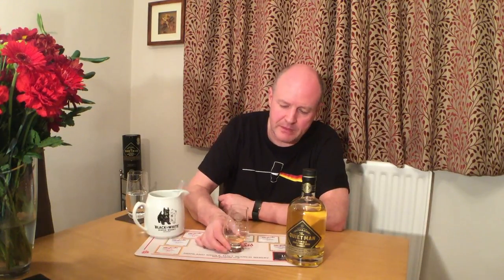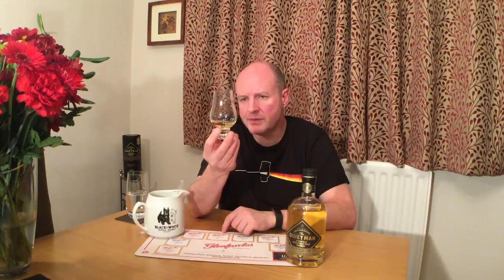In colour it's a very light gold — lighter even than golden syrup. Almost like a light gold, really nice colour actually. A little bit of a swirl around the glass — no legs there, so I'm taking yeah, chill filtered.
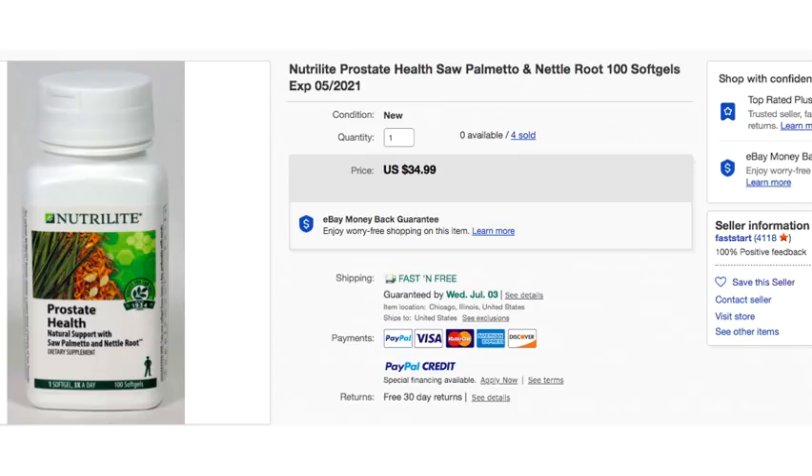George Kelly got this prostate health vitamin for $5 at a garage sale. Now, this is something that goes in your body, so it needs to be sealed and not expired because a human being is going to consume it. He's got the expiration date of 5/2021 in his title and notes it's new in the bottle — so that's handled correctly.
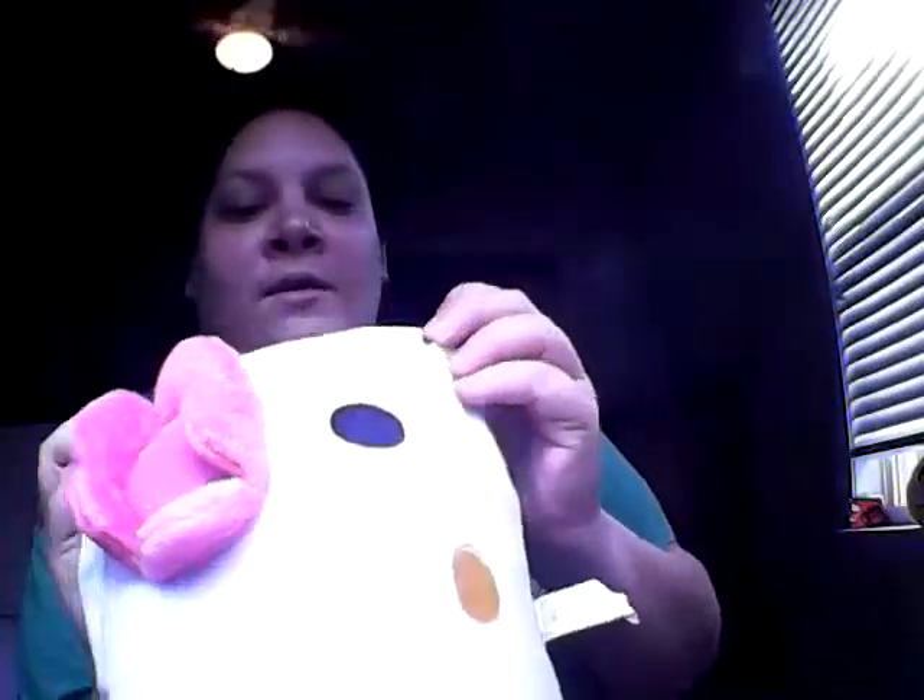I don't know if you can see it right there but that's another thing — that's Hello Kitty, it's a giant plush, and this turns into a speaker because there's a cord that comes out of here.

======

> _WHAT THIS TASK INVOLVES_
Your response must reproduce the listing above word for word and must contain none of its pictures.

> _EXERCISE OUTPUT_
In colour it's a very light gold — lighter even than golden syrup. Almost like a light gold, really nice colour actually. A little bit of a swirl around the glass — no legs there, so I'm taking yeah, chill filtered.
George Kelly got this prostate health vitamin for $5 at a garage sale. Now, this is something that goes in your body, so it needs to be sealed and not expired because a human being is going to consume it. He's got the expiration date of 5/2021 in his title and notes it's new in the bottle — so that's handled correctly.
I don't know if you can see it right there but that's another thing — that's Hello Kitty, it's a giant plush, and this turns into a speaker because there's a cord that comes out of here.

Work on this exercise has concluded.